Столь «аккуратное» противоборство узнавания и остранения — ну впрямь разнонаправленные векторы — было бы поразительно и необъяснимо, кабы не психология; она, как и во многих других обстоятельствах, расставляет все по местам. У отстранения и узнавания — общий интеллектуальный механизм. В обоих случаях наблюдатель (сперва автор-пародист, затем — его читатель) вызывается сравнивать на материале пародии известное (по другому произведению) с неизвестным (привнесенным «от пародиста»). Этот путь, как будто и незнакомый, на поверку давно нам знаком: его витки и рывки, взлеты и подъемы вели суеверного дикаря, дивившегося своему отражению в речной воде, к первому обобщению. Этот путь — абстрагирование.
Время от времени приходится слышать теорию: пародия — специфический тип литературной критики (такова, например, точка зрения Б. Сарнова в статье об Александре Иванове). Избегая дискуссии по общему фронту поднятых вопросов, соглашусь с полемистом в одном: пародия действительно содержит повышенный элемент отвлеченности, «надлитературности», абстракции, сближающий ее с мыслительными жанрами: публицистикой и даже эстетикой. Классики марксизма-ленинизма считают возможным пародировать — в «Немецкой идеологии», «Анти-Дюринге», «Материализме или эмпириокритицизме» экономистов и физиков на языке высокой философии.
Но вернемся к пародии, этому симбиозу узнавания с остранением, остранения с узнаванием. Без узнавания мы ни за что не воскликнем: «Черт побери! До чего похоже!!!» А без остранения не поддадимся жгучему любопытству, не втянемся в смеховой детектив, который должен завершиться раскрытием скрытого, а оно — как тайна происхождения героини у Диккенса или Дюма — неизменно чарует читательские умы.
Колеблющееся равновесие зеркального отражения и его «оригинала», балансирование на грани между «похож» и «не похож», какое испытывает человек у зеркала, — вот жизненный праобраз пародии.
В пародии появляется только один принципиально новый момент, — условно говоря, творческий, нечто вроде редактирования «в обратную сторону», когда недостатки, просчеты, причуды исходного материала не только не устраняются, не приглаживаются, не припрятываются, но, напротив, получают усиленное развитие — причем во всех художественных сферах: сюжетной, стилевой, изобразительной.
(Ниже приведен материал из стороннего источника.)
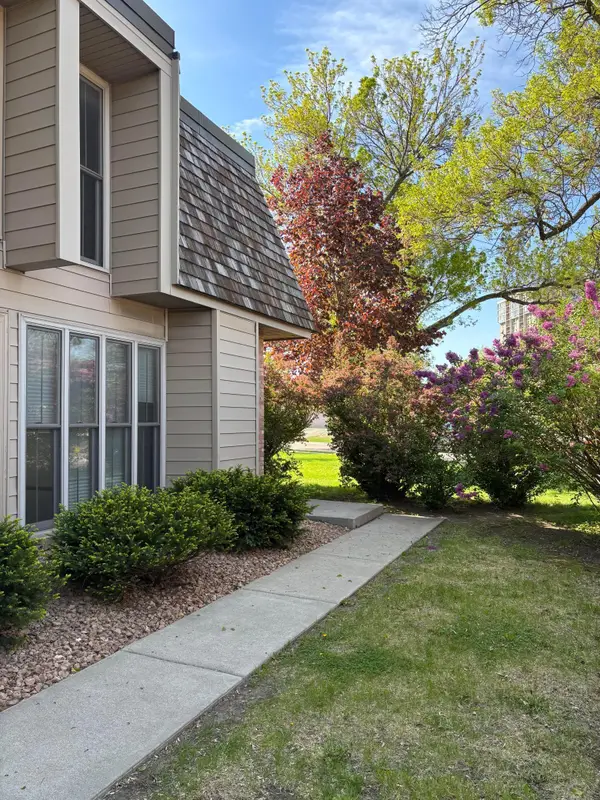 6301 Barrie Road, Minneapolis, MN 55435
Пародия, как марево, соткана из противоречий: что-то она выявляет, а что-то припрятывает, одно укрупняет, другое ликвидирует, и это ее протеистическое, дрожащее естество, эта ее вибрация часто мешают определить, где кончается случайная реминисценция, сознательное подражание или цитата и начинается насмешка.
И ведь существует еще такой мощный фактор, как случайное совпадение: если два автора независимо друг от друга похоже пишут о похожем. Васисуалий Лоханкин из романа Ильфа и Петрова «Золотой теленок» кажется пародией на Мишеля Синягина, героя одноименной повести М. Зощенко, Мишель Синягин пародией на Васисуалия Лоханкина. Но ни тому, ни другому эта функция физически недоступна, поскольку роман и повесть писались одновременно, а специальных творческих договоров («давайте посоревнуемся на ниве сатирической типизации!») авторы «Золотого теленка», с одной стороны, и М. Зощенко, с другой, вроде бы не заключали. Случай хотя и единичный, но достаточно типичный!
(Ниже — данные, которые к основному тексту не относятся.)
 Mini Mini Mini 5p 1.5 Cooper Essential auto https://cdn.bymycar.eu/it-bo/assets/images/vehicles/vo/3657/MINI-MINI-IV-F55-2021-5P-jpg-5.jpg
Обычно представление о пародии связано с принципом текстовой переклички между двумя произведениями, критикуемым и критикующим. Но не всякая пародия раскрывается через текстовую аналогию. Жанр этот обладает структурным динамизмом, что вполне естественно: пропорциональная доля «известного» и «неизвестного» от раза к разу меняется, меняются «участки» зеркального вмешательства, как меняются его способы и типы.
Кабы дело обстояло иначе, пародия стала бы этакой старшей пионервожатой, которая всегда и за всех знает, кто о чем думает, а о чем не думает, чего кому хочется, а чего не хочется, кто должен делать то, а кто совершенно другое.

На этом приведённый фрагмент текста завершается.